如输出所示,示例中为:https://k8s-cluster.test.com:6443
。
将工作节点加入集群
kubeadm join
命令用于将工作节点或其他主节点加入集群。 将工作节点加入集群的命令语法是:
kubeadm join [api-server-endpoint] [flags]
所需的常见标志是:
-
--token
字符串:要使用的令牌 -
--discovery-token-ca-cert-hash
,格式为:<type>:<value>
完整的命令具有以下格式:
kubeadm join \
<control-plane-host>:<control-plane-port> \
--token <token> \
--discovery-token-ca-cert-hash sha256:<hash>
示例:
$ kubeadm join k8s-cluster.test.com:6443 --token bdqsdw.2uf50yfvo3uwy93w \
--discovery-token-ca-cert-hash sha256:2a6f431cc99860ff6e15519e08e62f01b9b0cb051380031582bd5cc22efbc084
[preflight] Running pre-flight checks
[preflight] Reading configuration from the cluster...

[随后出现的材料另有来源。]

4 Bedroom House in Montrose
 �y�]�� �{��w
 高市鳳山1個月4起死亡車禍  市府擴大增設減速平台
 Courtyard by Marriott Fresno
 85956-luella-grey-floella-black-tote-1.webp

[preflight] FYI: You can look at this config file with 'kubectl -n kube-system get cm kubeadm-config -o yaml'
W0122 03:39:25.496531 74229 utils.go:69] The recommended value for "resolvConf" in "KubeletConfiguration" is: /run/systemd/resolve/resolv.conf; the provided value is: /run/systemd/resolve/resolv.conf
[kubelet-start] Writing kubelet configuration to file "/var/lib/kubelet/config.yaml"
[kubelet-start] Writing kubelet environment file with flags to file "/var/lib/kubelet/kubeadm-flags.env"
[kubelet-start] Starting the kubelet
[kubelet-start] Waiting for the kubelet to perform the TLS Bootstrap...
This node has joined the cluster:
* Certificate signing request was sent to apiserver and a response was received.
* The Kubelet was informed of the new secure connection details.
Run 'kubectl get nodes' on the control-plane to see this node join the cluster.
等待节点处于“就绪”状态 – 检查控制节点,该过程可能需要几分钟时间,因为在配置和启动服务之前会拉取容器映像。
$ kubectl get nodes
NAME STATUS ROLES AGE VERSION
k8s-master-01 Ready control-plane,master 5h47m v1.23.2
k8s-worker-01 Ready <none> 4h55m v1.23.2
k8s-worker-02 Ready <none> 4h47m v1.23.2
k8s-worker-03 Ready <none> 5m v1.23.2
从集群中移除工作节点
要从集群中移除工作节点,请执行以下操作。
从节点迁移 pod
kubectl drain <node-name> --delete-local-data --ignore-daemonsets
将节点标记为不可调度
防止节点调度新的 pod
。
kubectl cordon <node-name>
重置被移除节点
恢复通过“kubeadm join”对节点所做的更改。
kubeadm reset
一旦成功执行 kubeadm reset
命令,还可以重新将新节点加入集群。